(Beginning of Dataset entries)
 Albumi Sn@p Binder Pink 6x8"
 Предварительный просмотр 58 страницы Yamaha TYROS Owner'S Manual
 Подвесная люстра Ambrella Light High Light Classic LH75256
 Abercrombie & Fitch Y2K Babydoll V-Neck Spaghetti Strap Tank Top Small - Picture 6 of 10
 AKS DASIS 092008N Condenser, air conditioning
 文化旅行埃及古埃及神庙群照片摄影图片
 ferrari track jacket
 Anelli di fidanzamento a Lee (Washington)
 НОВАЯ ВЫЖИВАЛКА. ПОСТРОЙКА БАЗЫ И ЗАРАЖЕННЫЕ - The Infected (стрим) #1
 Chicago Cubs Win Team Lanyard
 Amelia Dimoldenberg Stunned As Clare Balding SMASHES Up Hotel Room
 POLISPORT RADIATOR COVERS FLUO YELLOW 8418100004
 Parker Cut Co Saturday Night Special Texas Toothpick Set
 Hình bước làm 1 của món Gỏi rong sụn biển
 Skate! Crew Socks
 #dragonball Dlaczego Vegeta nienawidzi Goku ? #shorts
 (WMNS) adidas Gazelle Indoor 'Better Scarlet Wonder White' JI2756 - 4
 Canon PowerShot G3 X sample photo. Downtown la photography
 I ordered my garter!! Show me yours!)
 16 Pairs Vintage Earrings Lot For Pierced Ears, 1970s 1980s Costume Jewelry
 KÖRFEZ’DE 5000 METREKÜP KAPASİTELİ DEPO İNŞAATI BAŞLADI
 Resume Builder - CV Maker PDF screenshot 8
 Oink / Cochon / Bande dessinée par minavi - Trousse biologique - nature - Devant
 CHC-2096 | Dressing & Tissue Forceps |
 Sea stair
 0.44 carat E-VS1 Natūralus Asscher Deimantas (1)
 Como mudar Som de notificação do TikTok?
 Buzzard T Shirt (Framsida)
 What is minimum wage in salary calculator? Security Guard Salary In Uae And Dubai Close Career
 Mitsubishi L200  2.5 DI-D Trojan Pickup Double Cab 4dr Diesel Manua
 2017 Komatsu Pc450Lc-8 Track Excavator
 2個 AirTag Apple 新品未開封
(End of Dataset entries)
Task :: The line containing "НОВАЯ ВЫЖИВАЛКА. ПОСТРОЙКА" marks the end. Please print exactly every line from the top of the data to it, both included, and nothing more.

Completed task ::
 Albumi Sn@p Binder Pink 6x8"
 Предварительный просмотр 58 страницы Yamaha TYROS Owner'S Manual
 Подвесная люстра Ambrella Light High Light Classic LH75256
 Abercrombie & Fitch Y2K Babydoll V-Neck Spaghetti Strap Tank Top Small - Picture 6 of 10
 AKS DASIS 092008N Condenser, air conditioning
 文化旅行埃及古埃及神庙群照片摄影图片
 ferrari track jacket
 Anelli di fidanzamento a Lee (Washington)
 НОВАЯ ВЫЖИВАЛКА. ПОСТРОЙКА БАЗЫ И ЗАРАЖЕННЫЕ - The Infected (стрим) #1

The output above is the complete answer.